Tabitha’s Secret broke up when two of its members, Jay Stanley and John Goff, decided not to accept a record deal from Matt Serletic’s Melisma, a company associated with Atlantic Records. Rob Thomas and two of the band’s other members, Brian Yale and Paul Doucette, accepted the record deal and soon re-formed with two new members—Adam Gaynor and Kyle Cook. The new band was christened Matchbox Twenty and its debut album, Yourself or Someone Like You, went on to become one of the best selling albums of the 1990’s (and one of my personal favorites). One of the tracks on the new album was the aforementioned ‘3 a.m.,’ which Thomas re-recorded with his new band.
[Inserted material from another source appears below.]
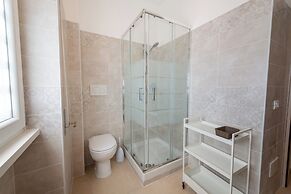 Casa Rosa Beige e Blu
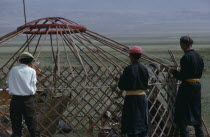 Khalkha herdsmen erecting the family ger or yurt on pastureland of Bigersum  Freedom negdel collective.First the frame must be set in the ground.  .Khalha East Asia Asian Mongol Uls Mongolian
Stanley and Goff apparently didn’t like the idea of their former bandmates hitting it big with the record deal that they had rejected, and the re-use of ‘3 a.m.’ gave them an opportunity to try and take some of that largess for themselves. They sued Matchbox Twenty (Stanley & Goff v. Matchbox Twenty) for a fiduciary breach of contract, and Serletic for tortious interference. The lawsuit went on for five years before being settled out of court. Legally speaking, it is pretty clear that the writer of a song has a right to their own song. But even if Stanley & Goff had a leg to stand on, they belong on this list. Thomas’s two erstwhile bandmates had a chance to be in on the record deal that birthed Matchbox Twenty, and they walked away from it.
The Napster Case
Napster—the first popular peer-to-peer file sharing system—launched in 1999 and very quickly became a huge success. For the first time, it was relatively easy and painless to get MP3’s of your favorite songs for free. Of course, distributing copyrighted music without authorization is a crime . . . but who is committing the crime? Is it the user who shares the copyrighted song, or the network over-which it is transferred?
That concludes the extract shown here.